I cannot imagine the shock Barry felt when his mother told him the truth. His father was not his biological father.  Barry was the product of donor insemination (DI .)  Sperm from an unknown donor was artificially inseminated into his mother.  Part of his lineage was a mystery.  From this point on his life changed.

 

Barry’s biggest challenge in this piece was grabbing the audience’s attention. In class he said that a personal documentary must have a larger purpose than just the person.  The piece must open itself up to the whole audience on various levels.

 

I am a good example of a someone who would has little in common with Barry.  I am the biological child of both my parents. My father is still living.  I only know a few people who are adopted and I had never knew DI babies existed fifty years ago.  However, Barry caught my attention and the attention of others through alternate avenues of storytelling.

 

Barry caught the audience’s attention on three levels.  First, he presented himself as the underdog.  The odds were clearly  stacked against him. His insemination procedure took place about fifty years ago.  At the time it was illegal and was kept very secret.  All of those involved were either dead or their whereabouts are unknown.  He had few leads to follow and they might not be accurate.  This is what caught my attention.  I always go for the underdog.

 

Second, the film unfolded like a mystery film.  Barry was like a detective. He followed clues that led him to other DI babies and to those who knew anything about Dr.

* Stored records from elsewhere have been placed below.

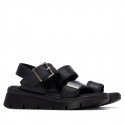 Sandalia de mujer REFRESH 175161 Negro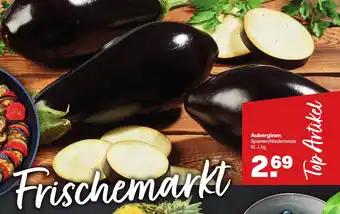 Handelshof Auberginen Angebot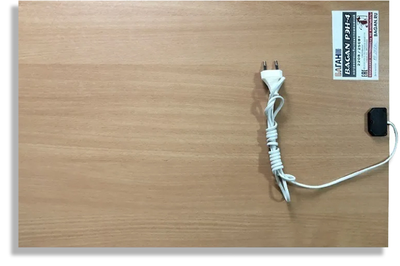 Инфракрасный обогреватель Баган РЭН-4 (250 Вт) с пожизненной гарантией.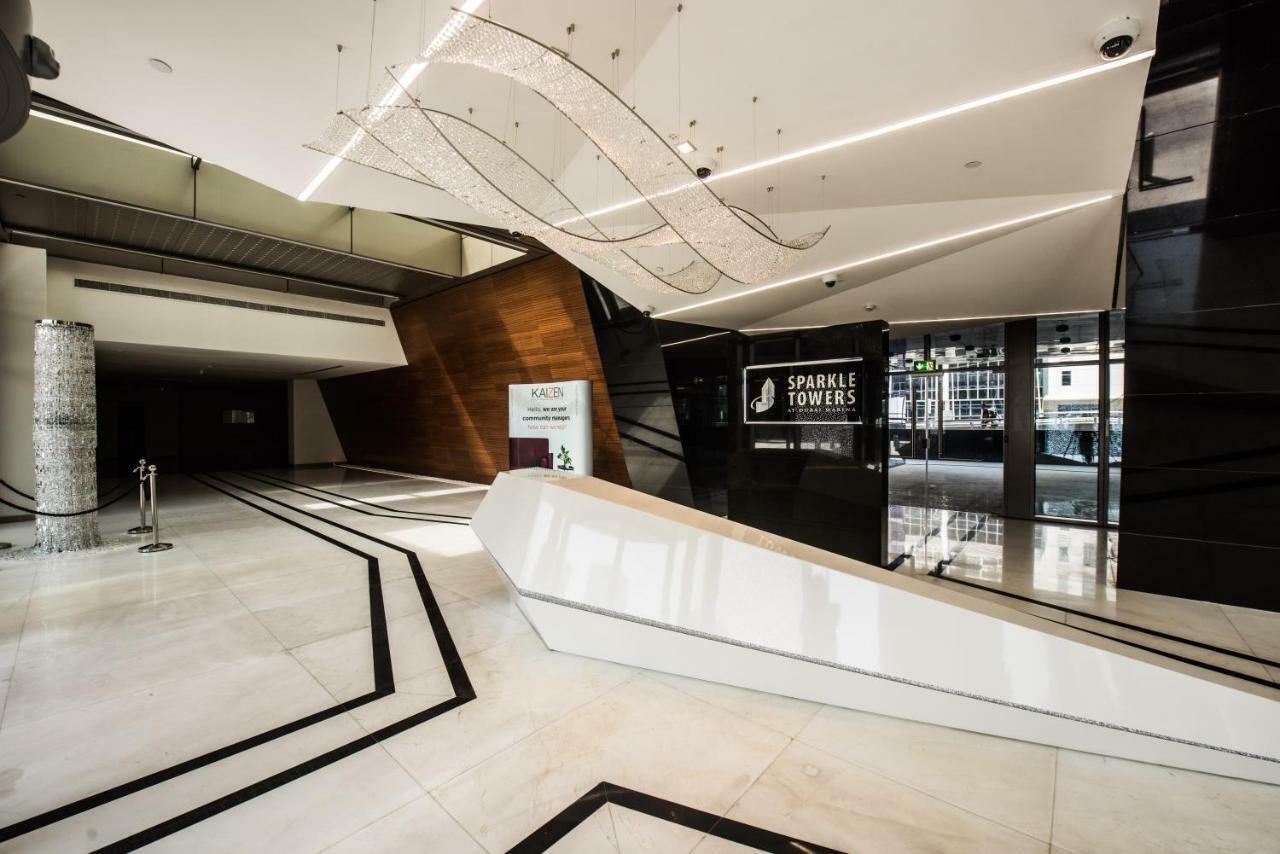 Fantastay - Luxury Studio Sparkle Tower Dubai Marina Εξωτερικό φωτογραφία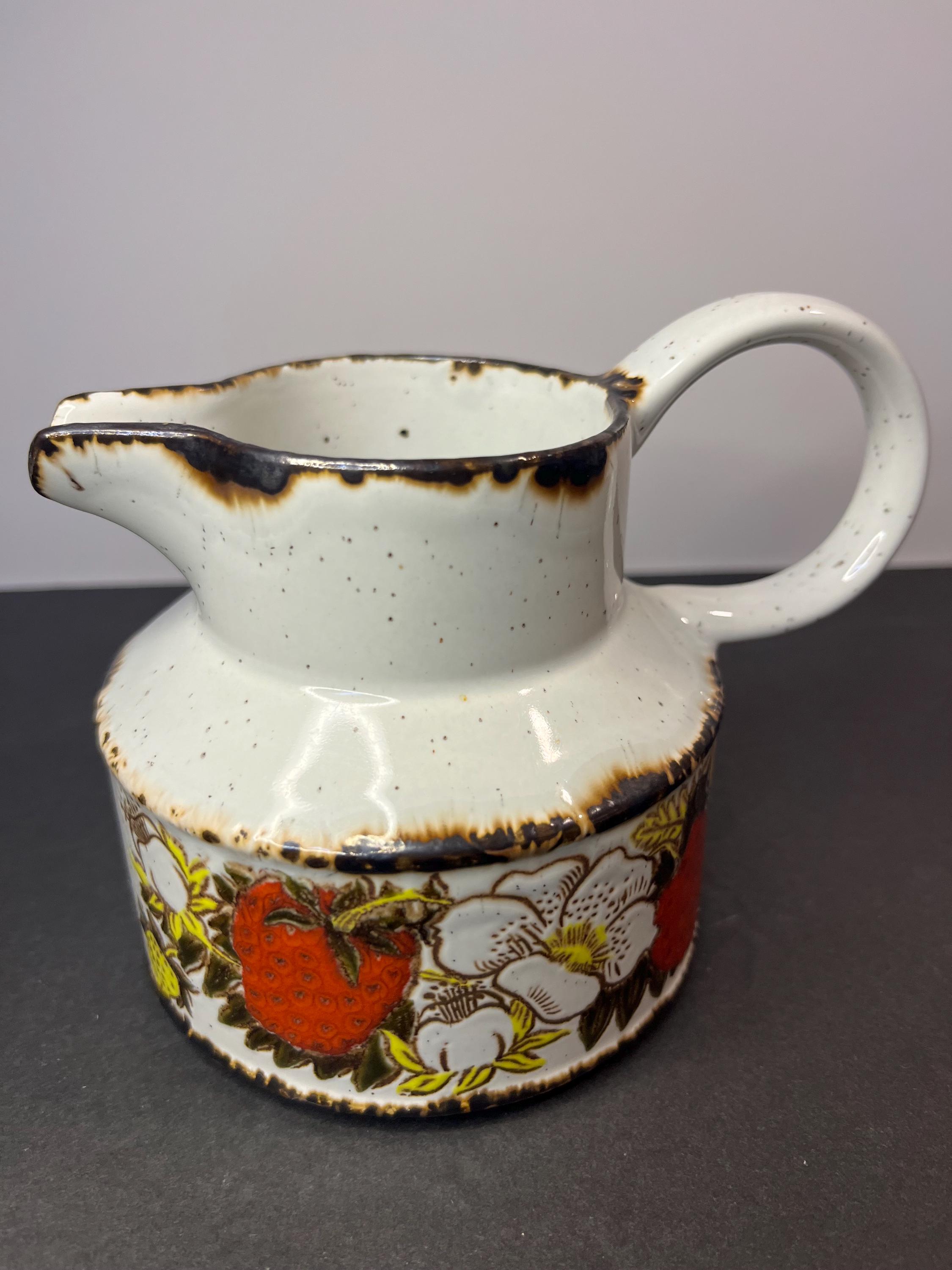 イギリス1960年陶器ミッドウィンター38点セットMade in England イギリス1960年陶器ミッドウィンター38点セットMade in England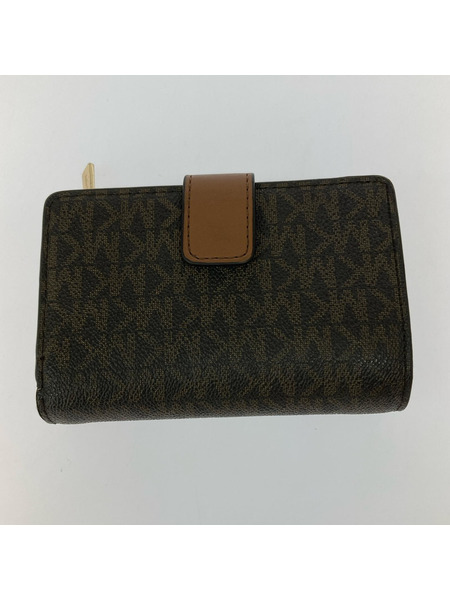 MICHAEL KORS コンパクトウォレット 二ツ折リ財布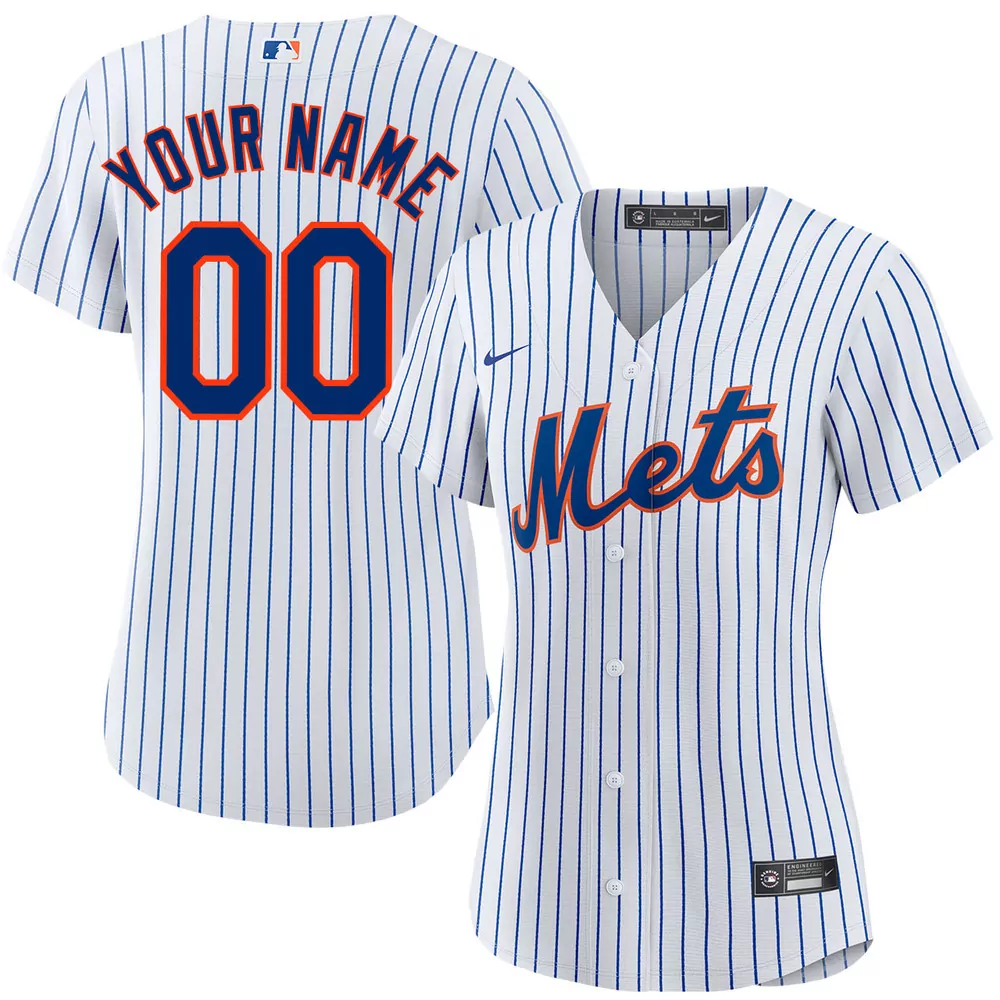new york mets personalized home limited jersey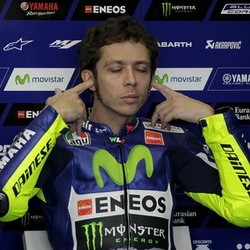 Rossi Akan Jalani Kualifikasi seperti Biasanya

Wiesner. 

 

           Evidence gathered throughout the film implied that Wiesner is Barry’s biological father.  They  even looked alike.  But as in all mysteries the evidence was misleading.  Wiesner was not Barry’s father.  There was even a surprise ending.

 

Third, Barry built an intimate relationship with the audience.  Barry achieved this by talking to the camera.  He was very engaging on camera and he built a quick repour with the me.  By talking to the camera he not only spoke to the audience as a whole but also to each individual viewer.  Everyone would see him in a different light.  This is what gave his character personality.

 

The truth about his conception both opened questions and explained mysteries for Barry.  He thought his method of conception explained  his father’s distant personality.  Barry said his father always seemed to walk on the outside.  For a while he even thought his father wanted to walk out on the family.

 

However, Barry’s biological father was a mystery.  All that the doctors told his mother was that the donor was professional and healthy.  They told even Barry’s mother to keep the procedure a secret. 

 

Doctors didn’t tell his mother that the donor was Jewish or that the donor used his sperm in other women. Barry found out this information from David,  his half brother.

 

David found out he was artificially inseminated after his parents divorced.  He always wanted a brother. 

 

David and Barry crossed paths after a mutual acquaintance thought they wrote the same.  They had a meeting in England and  Barry got a sample of David’s DNA.  Barry brought the sample back to Toronto for testing. 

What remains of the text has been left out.